_Exercise prompt_.
Leaving out the pictures, write out exactly each line from the line with "Now the Starters" through the close of the listing below.

_Exercise data_.
= Beginning of Section =

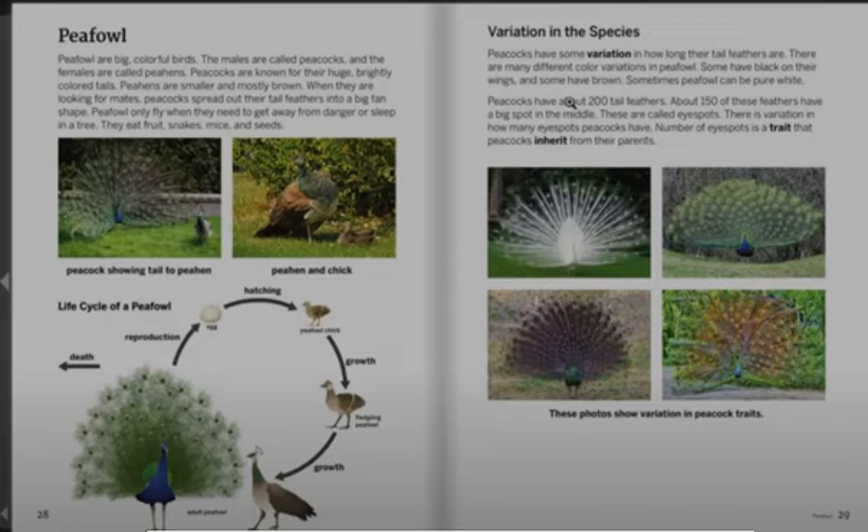Below we see a peacock showing its tail to a peahen. On the right we have a peahen and a chick. And below that we have the life cycle of a peafowl.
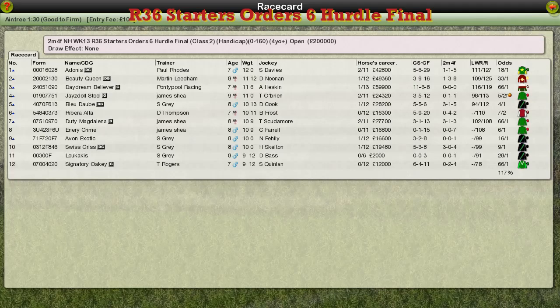Now the Starters Orders Finals next then, and it's the Hurdle first of all, over two and a half miles.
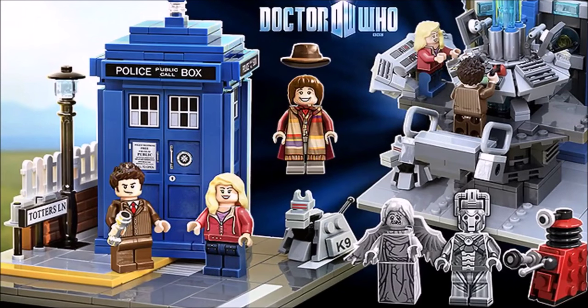Hey guys, it's Cam's LEGO Creations and today I will be doing another LEGO news video. But today it is not on a city set, it is on a LEGO Ideas Doctor Who set.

= End of Section =

_Result of the exercise_.
Now the Starters Orders Finals next then, and it's the Hurdle first of all, over two and a half miles.
Hey guys, it's Cam's LEGO Creations and today I will be doing another LEGO news video. But today it is not on a city set, it is on a LEGO Ideas Doctor Who set.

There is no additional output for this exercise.